If I have this minimal reproducible example
import pandas as pd
df = pd.DataFrame({"A":[12, 4, 5, None, 1],
"B":[7, 2, 54, 3, None],
"C":[20, 16, 11, 3, 8],
"D":[14, 3, None, 2, 6]})
index_ = ['Row_1', 'Row_2', 'Row_3', 'Row_4', 'Row_5']
df.index = index_
print(df)
# Option 1
result = df[['A', 'D']]
print(result)
# Option 2
result = df.loc[:, ['A', 'D']]
print(result)
What is the effect on using loc or not. The results are quite similar.

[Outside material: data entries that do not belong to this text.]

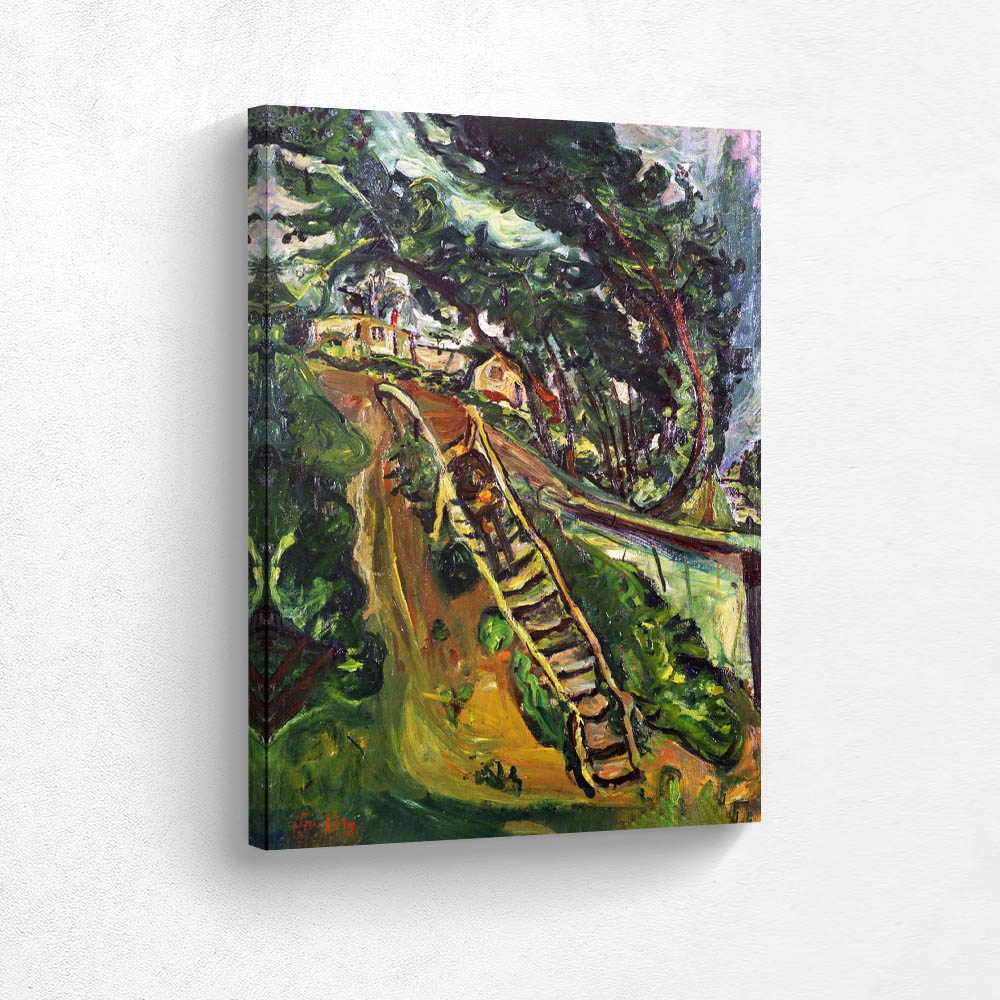 Landscape with Flight of Stairs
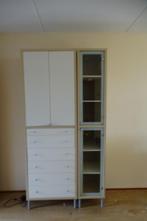 Vitrinekast, 2 delen Ikea, Huis en Inrichting, Kasten | Vitrinekasten, Ophalen, Gebruikt, Met deur(en)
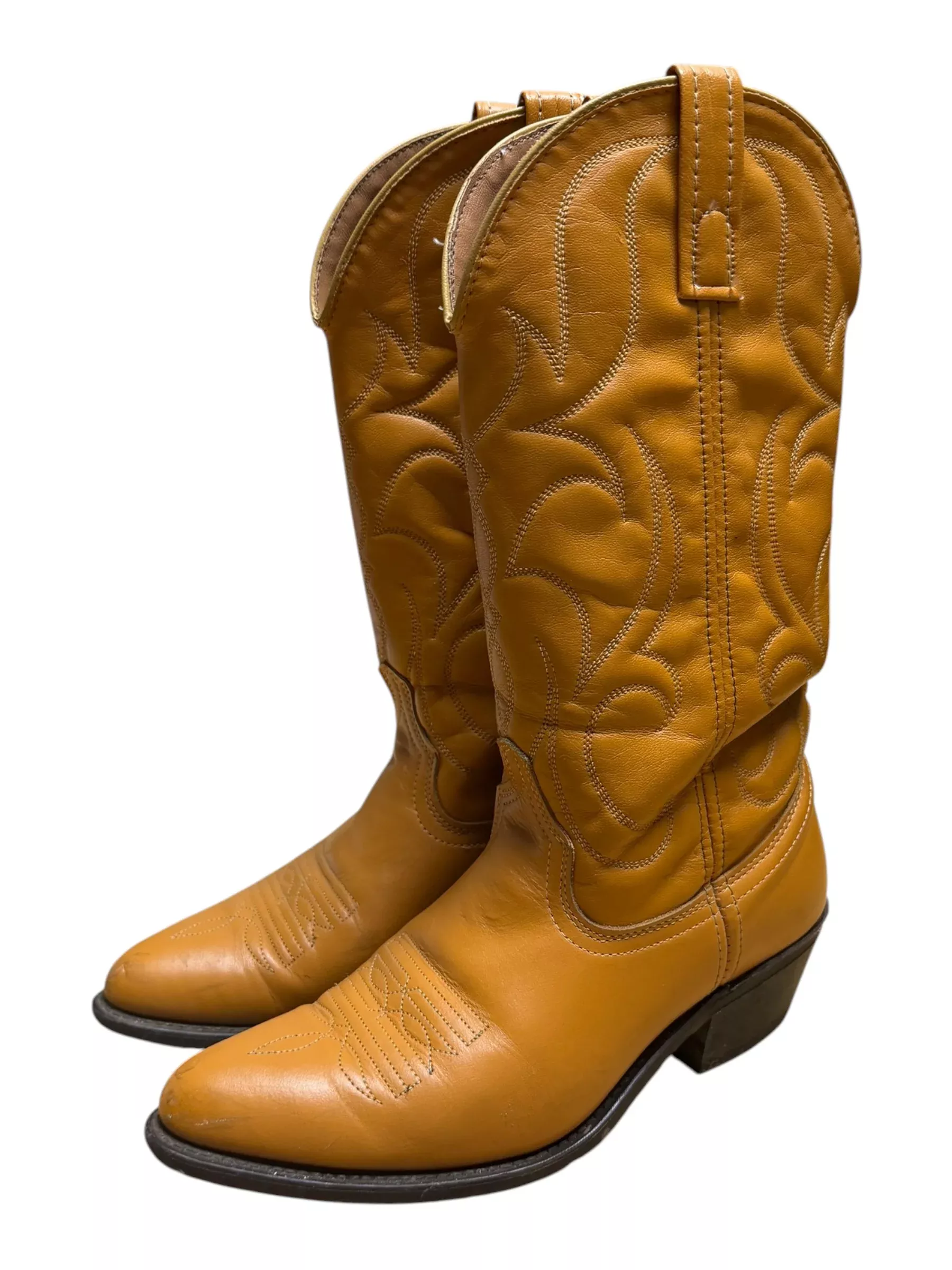 Cowgirl Boots - Cognac - 7.5D - USED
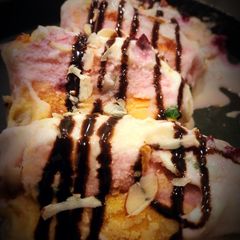 A picture of Cassata ice cream.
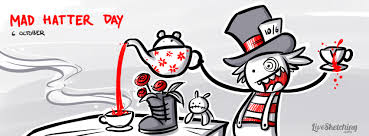 6 Oct Mad Hatter Day This Day Was The Brainstorm Of Computer People In Boulder Co Mad Hatter Day Alice S Adventures In Wonderland Adventures In Wonderland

I ask this in preparation for a more complex question in which I have been instructed to use loc.
>Solution :
The difference is that df[['A', 'D']] doesn’t necessarily generate a copy, which can trigger issues if you assign data to the slice.
result1 = df[['A', 'D']]
print(result1._is_copy)
#<weakref at 0x7f34261b69d0; to 'DataFrame' at 0x7f34260e9590>
result2 = df.loc[:, ['A', 'D']]
print(result2._is_copy)
# None
df.loc[:, ['A', 'D']] is the safe way to generate a copy if you want an independent slice.